■ **What needs to be done**:
The pictures are to be left out, and all remaining data is to be transcribed exactly as it appears.

■ **Given data**:

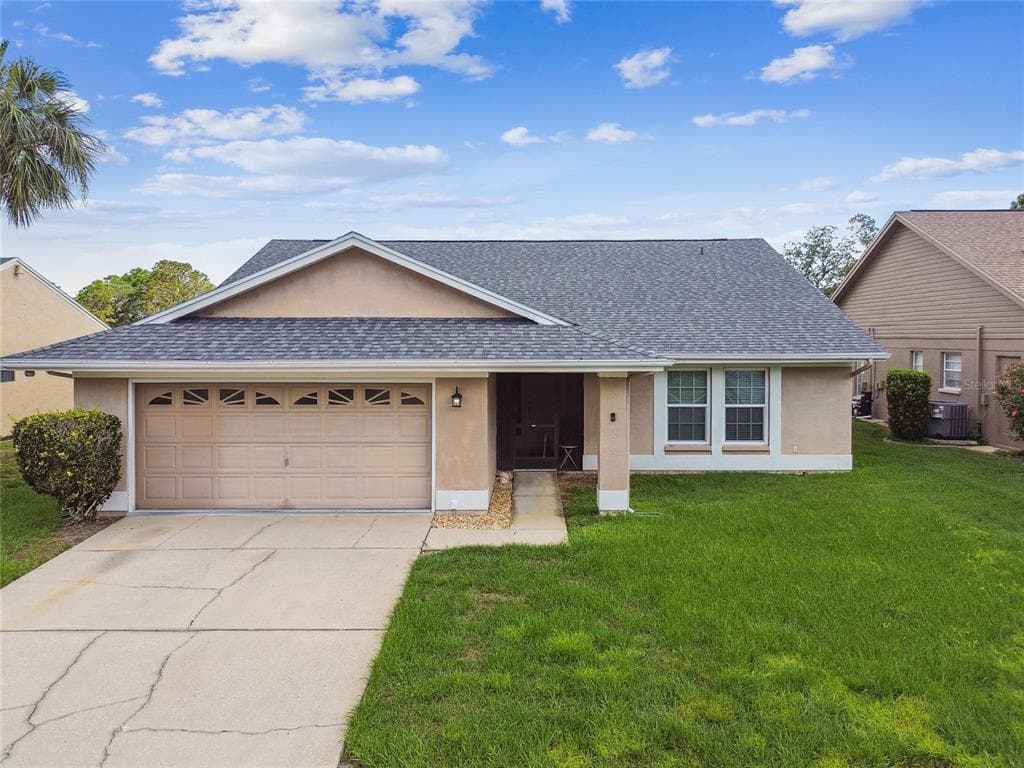 13003 TITLEIST DRIVE HUDSON, FL 34669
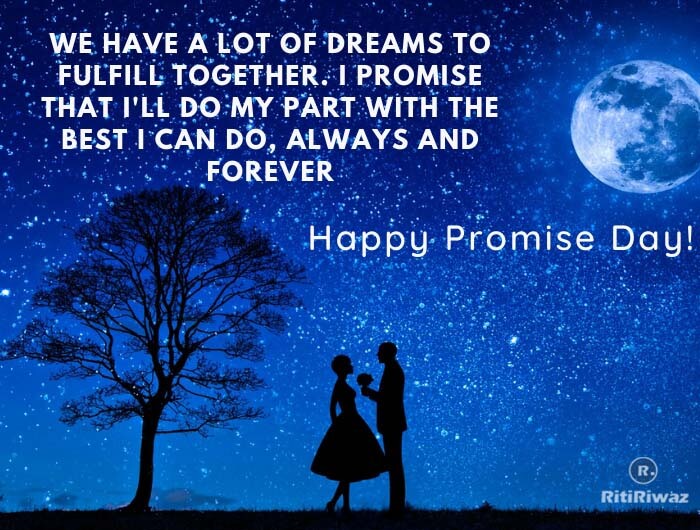 Happy Promise day
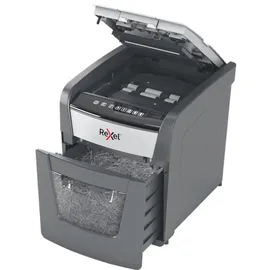 Rexel Optimum AutoFeed+ 100M Aktenvernichter mit Partikelschnitt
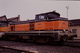 Photo Diapo Diapositive Slide Train Wagon Locomotive Diesel SNCF 63861 à Conflans Le 26/06/1993 VOIR ZOOM - Diapositives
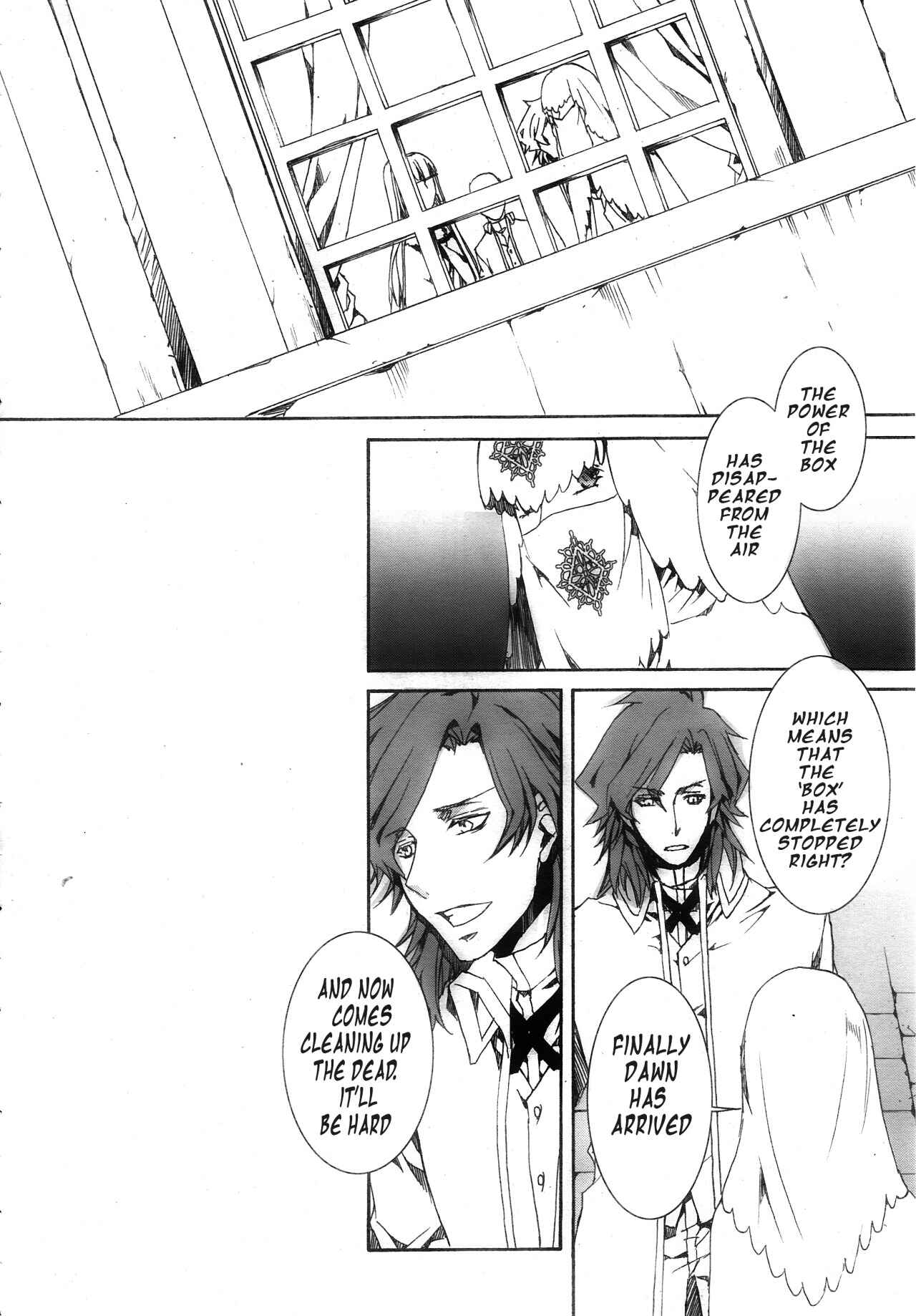 Page 12 Chapter 115 Kyou Kara Ma no Tsuku Jiyuugyou!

■ **Task answer**:
 13003 TITLEIST DRIVE HUDSON, FL 34669
 Happy Promise day
 Rexel Optimum AutoFeed+ 100M Aktenvernichter mit Partikelschnitt
 Photo Diapo Diapositive Slide Train Wagon Locomotive Diesel SNCF 63861 à Conflans Le 26/06/1993 VOIR ZOOM - Diapositives
 Page 12 Chapter 115 Kyou Kara Ma no Tsuku Jiyuugyou!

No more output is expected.